We are always looking for motivated students to join the lab. My interests are rather diverse, thus graduate student projects in my laboratory can potentially span a wide range of topics (please see research description and publications). Students in the lab generally work on questions in behavior and evolutionary ecology, integrating approaches from ecology, behavior, evolution, and physiology; and most projects have a combination of both field and laboratory experiments. At the present, all my students are working with Anolis lizards. However, students are by no means required to work on Anolis.

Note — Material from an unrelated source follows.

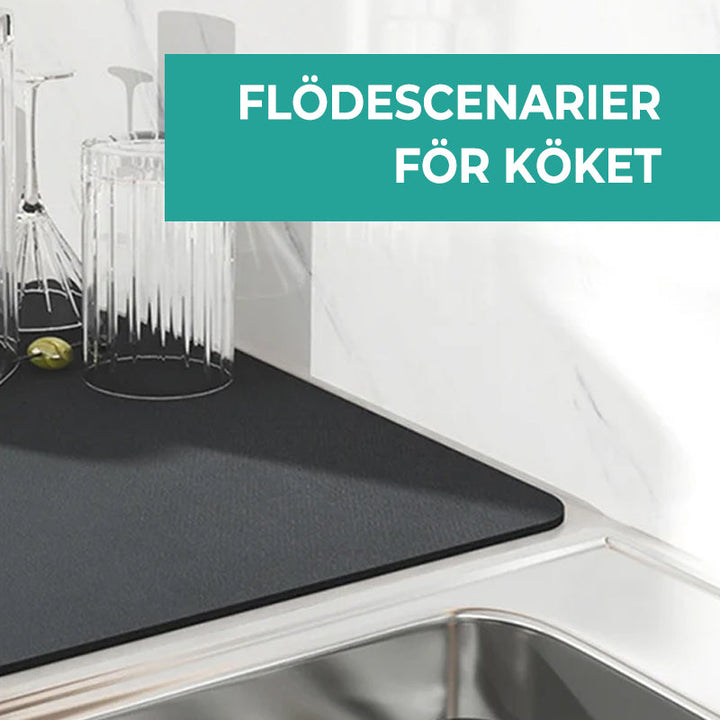 "Superabsorberande köksmatta PVC i mörkgrå och marinblå, stilren och funktionell, anti-glid design, 30x40 cm"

In my opinion, the ideal student either will work on topics of interest to the lab (e.g., communication, predator-prey interactions, cognition, mate choice, species interactions, physiology), on their organisms of choice or on organisms with which I am very familiar (e.g., Anolis, Sphaerodactylus). I expect my students to be dedicated to their research project. Graduate work is NOT an 8 – 5 job. To be clear about this: the other members of the lab and I will invest our time and energy to help you succeed as a graduate student, therefore my expectation is that you will be committed to perform high quality research (in my experience it extremely difficult to do so when graduate school is approached with a mindset of an 8 – 5 job). If you are not willing to make the compromise to play hard and work even harder, then you should look for another lab. Also, students in my lab are expected to become extremely familiar with the natural history of the organisms that they will work with for their dissertation project. In my opinion, for the fields of behavioral and evolutionary ecology, an understanding of natural history provides the foundation upon which to build the theoretical framework of a research project.

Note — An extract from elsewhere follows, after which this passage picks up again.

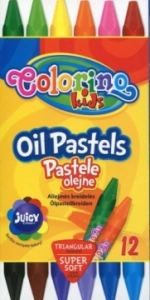 COLORINO KIDS Pastele Olejne Trójkątne 12 kolorów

As a mentor, my philosophy is that it is up to students to decide their dissertation projects. I am happy to work with students to help them define and refine their interests, but I do not tell them what to do. I realize that developing a research project can be a daunting task (it was for me when I was a graduate student); however, finding one’s own niche and developing an independent research program are critical aspects of graduate education. I am always happy to provide suggestions and advice, and if needed, to play an active role in the development of research ideas. Whenever possible, I like to collaborate with my students on project(s) of mutual interest, particularly when they are working on subjects near and dear to my heart. Also, my expectation is that you will seek outside funding for your research.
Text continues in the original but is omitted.